Twenty Feet From Stardom: My Experience Running with the Elite
Over the past two years, I’ve been lucky enough to start with the elite runners in the Berlin Marathon, Lilac Bloomsday Run, and Chicago Marathon. Before then, I had always been curious as to how one obtains such a status and what it meant in terms of race day and amenities.
Big Little Race Details
The first instance in the 2015 Berlin Marathon was purely a result of knowing the right people. There was no time standard to my knowledge to start with the elite women, but the pool was very small; it was likely invite-only with appearance fees and contracts to boot. Me? I got a fancy bib number (F61) and access to the elite runner race day amenities including a starting position right up front.
The day before the race, there was a technical meeting for the professional athletes and their coaches. The director pointed out little details, like how there was a line painted on the ground that follows the tangent of the course- very important to know in the case you’re going for a world record. Or in my case, a personal record. There was a protocol for everything. When your name was announced at the start, you were to smile, wave, or otherwise do something interesting for the camera. If you were to win, you were to open your arms wide in victory, not only because it looks good on television, but so the sponsor’s logo on your bib number would be visible. They also instructed the winner to be sure to hug their coach or spouse and show emotion. Fake it ‘til you make it, right? Or in this case… fake it after you’ve made it!
Related: What You Need on Marathon Race Day
Elite Race Day Perks
Race day perks for the elite runners included a private shuttle from the host hotel directly to the start line, a private warm-up area with restrooms and a changing tent, and the option to have personal drink bottles throughout the course. Also included was a secured exit off to the side after the finish line, where your personal belongings would be waiting along with a table filled to the brim with fresh fruit, snacks, bottled water, and sports drinks.
The warm up area was nothing fancy; just a few tents with some chairs and tables. However, having space to jog around along with zero lines for the restrooms was a luxury in itself, considering the tens of thousands of entrants in the race. The organizers weren’t kidding about the cameras; as the pro runners and I were guided to the starting area, news crews were immediately running up to the favorites, hoping to get one last quote before they toed the line. I couldn’t imagine being in the top runners’ shoes, trying to focus on the enormous task at hand while dealing with microphones and cameras in their faces just moments before the start! Not to mention being whisked off to a press conference immediately following their effort.
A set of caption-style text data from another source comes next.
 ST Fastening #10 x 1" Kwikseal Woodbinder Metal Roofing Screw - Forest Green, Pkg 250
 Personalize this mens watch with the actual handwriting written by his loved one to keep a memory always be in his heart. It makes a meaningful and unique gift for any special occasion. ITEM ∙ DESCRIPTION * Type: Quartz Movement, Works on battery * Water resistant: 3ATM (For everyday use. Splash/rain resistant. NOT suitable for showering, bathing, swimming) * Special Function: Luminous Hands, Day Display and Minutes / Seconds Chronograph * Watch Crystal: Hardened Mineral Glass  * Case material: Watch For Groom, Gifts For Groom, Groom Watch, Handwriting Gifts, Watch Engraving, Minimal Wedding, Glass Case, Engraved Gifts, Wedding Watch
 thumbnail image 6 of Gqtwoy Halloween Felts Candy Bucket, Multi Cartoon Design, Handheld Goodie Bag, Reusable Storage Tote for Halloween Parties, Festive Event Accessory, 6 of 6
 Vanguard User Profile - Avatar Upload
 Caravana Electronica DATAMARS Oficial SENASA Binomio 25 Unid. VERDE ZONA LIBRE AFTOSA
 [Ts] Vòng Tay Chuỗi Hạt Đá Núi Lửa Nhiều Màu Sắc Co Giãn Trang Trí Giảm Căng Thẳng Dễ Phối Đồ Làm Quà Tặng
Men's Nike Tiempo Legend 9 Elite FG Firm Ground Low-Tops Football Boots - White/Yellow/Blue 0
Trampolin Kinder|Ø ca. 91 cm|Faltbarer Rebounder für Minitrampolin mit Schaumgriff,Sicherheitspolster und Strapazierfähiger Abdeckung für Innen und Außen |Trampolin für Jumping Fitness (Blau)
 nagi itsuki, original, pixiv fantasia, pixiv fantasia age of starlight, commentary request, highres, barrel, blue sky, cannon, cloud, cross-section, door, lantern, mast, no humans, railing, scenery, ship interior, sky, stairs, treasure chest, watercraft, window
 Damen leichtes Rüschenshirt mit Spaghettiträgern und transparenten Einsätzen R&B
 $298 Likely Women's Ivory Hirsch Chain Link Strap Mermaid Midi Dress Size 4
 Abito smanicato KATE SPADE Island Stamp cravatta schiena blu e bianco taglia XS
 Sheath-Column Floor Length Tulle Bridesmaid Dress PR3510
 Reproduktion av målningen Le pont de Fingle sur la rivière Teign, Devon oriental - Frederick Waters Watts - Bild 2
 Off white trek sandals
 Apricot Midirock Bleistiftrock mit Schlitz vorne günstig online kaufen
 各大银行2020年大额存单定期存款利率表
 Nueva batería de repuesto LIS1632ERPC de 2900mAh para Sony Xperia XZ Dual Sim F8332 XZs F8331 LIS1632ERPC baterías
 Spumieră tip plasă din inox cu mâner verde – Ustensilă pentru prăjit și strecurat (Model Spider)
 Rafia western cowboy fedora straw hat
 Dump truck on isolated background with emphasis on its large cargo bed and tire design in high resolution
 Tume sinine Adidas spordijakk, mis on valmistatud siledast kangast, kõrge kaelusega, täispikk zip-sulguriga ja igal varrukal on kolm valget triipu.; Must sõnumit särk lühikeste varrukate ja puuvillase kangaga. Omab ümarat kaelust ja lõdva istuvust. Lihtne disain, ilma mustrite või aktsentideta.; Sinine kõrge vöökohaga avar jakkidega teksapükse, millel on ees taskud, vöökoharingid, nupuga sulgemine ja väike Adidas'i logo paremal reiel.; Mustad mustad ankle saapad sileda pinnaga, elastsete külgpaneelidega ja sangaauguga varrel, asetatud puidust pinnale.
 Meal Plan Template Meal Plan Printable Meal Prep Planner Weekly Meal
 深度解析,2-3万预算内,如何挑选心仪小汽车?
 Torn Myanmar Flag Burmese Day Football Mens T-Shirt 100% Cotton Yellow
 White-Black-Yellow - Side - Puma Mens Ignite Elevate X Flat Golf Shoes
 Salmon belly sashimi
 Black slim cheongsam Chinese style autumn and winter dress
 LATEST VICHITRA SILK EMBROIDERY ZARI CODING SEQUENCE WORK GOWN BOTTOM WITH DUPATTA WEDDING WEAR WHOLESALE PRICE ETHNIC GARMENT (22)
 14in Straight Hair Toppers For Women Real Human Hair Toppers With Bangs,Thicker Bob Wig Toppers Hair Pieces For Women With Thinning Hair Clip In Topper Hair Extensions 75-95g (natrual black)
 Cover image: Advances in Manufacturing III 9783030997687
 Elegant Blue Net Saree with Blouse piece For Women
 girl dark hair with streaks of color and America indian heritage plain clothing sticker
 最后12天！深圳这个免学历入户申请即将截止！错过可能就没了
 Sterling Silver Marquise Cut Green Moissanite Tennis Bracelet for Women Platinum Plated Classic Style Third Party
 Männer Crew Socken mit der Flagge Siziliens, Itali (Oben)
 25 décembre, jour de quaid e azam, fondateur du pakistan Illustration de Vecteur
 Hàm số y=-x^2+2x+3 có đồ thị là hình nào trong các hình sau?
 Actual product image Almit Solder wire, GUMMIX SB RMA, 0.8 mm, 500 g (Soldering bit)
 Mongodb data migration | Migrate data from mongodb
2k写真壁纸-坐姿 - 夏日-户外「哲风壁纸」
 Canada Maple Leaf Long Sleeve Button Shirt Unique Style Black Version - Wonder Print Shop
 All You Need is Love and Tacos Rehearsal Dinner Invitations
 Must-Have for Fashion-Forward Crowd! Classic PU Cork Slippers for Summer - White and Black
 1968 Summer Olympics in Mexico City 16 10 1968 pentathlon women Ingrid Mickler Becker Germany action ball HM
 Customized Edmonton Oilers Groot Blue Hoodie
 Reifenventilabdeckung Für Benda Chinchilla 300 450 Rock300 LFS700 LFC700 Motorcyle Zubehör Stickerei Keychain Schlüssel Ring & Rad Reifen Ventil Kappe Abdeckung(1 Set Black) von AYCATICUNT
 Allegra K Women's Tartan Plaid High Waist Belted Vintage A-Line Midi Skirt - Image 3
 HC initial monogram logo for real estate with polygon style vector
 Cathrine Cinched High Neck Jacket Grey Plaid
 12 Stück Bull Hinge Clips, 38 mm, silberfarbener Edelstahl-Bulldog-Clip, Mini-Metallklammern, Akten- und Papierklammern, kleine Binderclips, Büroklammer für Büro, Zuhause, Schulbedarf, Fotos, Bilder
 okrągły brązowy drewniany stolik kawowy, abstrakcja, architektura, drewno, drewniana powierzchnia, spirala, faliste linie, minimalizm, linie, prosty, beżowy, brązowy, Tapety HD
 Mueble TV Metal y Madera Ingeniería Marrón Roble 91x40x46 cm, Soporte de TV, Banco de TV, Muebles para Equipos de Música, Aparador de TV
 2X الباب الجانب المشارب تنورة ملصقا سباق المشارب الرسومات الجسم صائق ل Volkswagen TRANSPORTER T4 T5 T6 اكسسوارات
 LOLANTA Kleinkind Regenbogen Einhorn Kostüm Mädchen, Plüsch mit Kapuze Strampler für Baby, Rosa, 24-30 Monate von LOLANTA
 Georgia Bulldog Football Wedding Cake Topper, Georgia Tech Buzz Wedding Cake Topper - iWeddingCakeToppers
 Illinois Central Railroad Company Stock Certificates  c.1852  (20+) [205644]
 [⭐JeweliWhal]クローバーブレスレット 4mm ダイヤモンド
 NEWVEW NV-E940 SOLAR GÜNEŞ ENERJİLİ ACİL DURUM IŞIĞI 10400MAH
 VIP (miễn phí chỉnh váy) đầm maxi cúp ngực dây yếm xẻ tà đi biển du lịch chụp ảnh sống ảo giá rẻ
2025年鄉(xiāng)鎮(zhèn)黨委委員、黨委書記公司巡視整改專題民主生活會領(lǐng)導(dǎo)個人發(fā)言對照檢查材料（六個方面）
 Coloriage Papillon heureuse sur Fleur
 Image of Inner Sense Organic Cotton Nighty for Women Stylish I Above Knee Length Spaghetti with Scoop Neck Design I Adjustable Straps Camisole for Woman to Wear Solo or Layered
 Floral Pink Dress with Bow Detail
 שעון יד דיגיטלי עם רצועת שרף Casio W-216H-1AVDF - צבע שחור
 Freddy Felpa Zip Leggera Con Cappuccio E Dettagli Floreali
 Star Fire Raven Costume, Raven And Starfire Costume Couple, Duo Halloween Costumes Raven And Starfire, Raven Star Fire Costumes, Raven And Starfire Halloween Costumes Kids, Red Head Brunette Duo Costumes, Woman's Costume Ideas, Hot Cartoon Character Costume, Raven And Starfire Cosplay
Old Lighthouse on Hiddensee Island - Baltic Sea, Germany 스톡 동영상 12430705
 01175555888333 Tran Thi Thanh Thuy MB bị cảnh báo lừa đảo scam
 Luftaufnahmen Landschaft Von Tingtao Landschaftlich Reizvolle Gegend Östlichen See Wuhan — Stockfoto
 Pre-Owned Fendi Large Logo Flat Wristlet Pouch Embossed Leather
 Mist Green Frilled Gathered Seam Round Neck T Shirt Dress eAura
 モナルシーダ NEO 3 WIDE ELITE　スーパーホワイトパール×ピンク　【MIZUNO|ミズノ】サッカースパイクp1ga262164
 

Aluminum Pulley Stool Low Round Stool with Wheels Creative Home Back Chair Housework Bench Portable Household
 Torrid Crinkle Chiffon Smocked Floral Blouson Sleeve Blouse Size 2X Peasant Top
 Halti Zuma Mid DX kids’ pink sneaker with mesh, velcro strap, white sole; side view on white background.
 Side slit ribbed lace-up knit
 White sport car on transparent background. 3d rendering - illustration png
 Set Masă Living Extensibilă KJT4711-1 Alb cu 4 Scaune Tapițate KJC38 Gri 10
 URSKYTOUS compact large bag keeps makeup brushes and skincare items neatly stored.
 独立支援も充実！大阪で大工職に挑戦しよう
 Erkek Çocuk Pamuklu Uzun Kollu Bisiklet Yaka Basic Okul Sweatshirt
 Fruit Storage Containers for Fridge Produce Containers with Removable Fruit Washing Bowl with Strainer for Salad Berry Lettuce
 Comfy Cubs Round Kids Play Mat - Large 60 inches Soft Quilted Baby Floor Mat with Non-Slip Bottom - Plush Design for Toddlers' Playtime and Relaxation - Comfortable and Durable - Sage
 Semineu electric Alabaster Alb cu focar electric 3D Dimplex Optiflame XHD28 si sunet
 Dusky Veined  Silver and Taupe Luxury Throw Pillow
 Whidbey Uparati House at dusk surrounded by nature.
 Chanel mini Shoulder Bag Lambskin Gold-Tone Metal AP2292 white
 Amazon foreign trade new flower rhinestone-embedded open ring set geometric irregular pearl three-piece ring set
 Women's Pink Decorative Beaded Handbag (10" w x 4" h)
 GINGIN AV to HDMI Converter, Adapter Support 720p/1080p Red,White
Placement-wise, the women were lined up just behind the men at the start. There was no delay between the elite start and the general corral, so almost immediately I was swallowed up in a sea of thousands of runners and the rest of the race went like any other.
Squeaking Under the Time Standard
The second instance was the 2016 Lilac Bloomsday Run, an internationally renowned 12K road race in Spokane Washington. Some call it the “Boston of the West Coast.” It attracts over 40,000 runners every year. I just squeaked in under their time standard for the elite women’s start. The amenities were similar to those in Berlin, but even better was that the women got their own separate start before the men and the rest of the field. I loved this and certainly preferred it because I could see exactly where I stacked up among the other women throughout the race. Plus there was prize money on the line 15 places deep! Every person I passed counted toward my overall place, whereas in open races I might be left wondering if I’m chasing a woman or a dude sporting a man bun. Even though I was nowhere near as fast as the frontrunners, it was exciting to start the race in that sort of company, with the TV crews and hype from the crowds.
The American Development Program
Most recently, I ran the 2016 Chicago Marathon by way of their American Development Program, which provides a starting position just behind the professional runners and a private warm-up area and gear check similar to Berlin and Bloomsday. I was especially proud to be part of that group because it had been a goal of mine to qualify via their time standard since I’d read about it years before. As we filed in at the start I recognized top athletes like both Florence and Edna Kiplagat and Serena Burla just yards ahead of me. It had taken years of work to get to where I was standing, but already I started dreaming up what would come next and how I could make that jump from “sub-elite” to “elite” in the future.
What Motivates You?
Time standards have always served as carrots, or motivators, for me whether that means getting special perks on race day, a guaranteed race entry, or qualifying for an event like the Boston Marathon or U.S. Olympic Trials. What motivates you to run your best?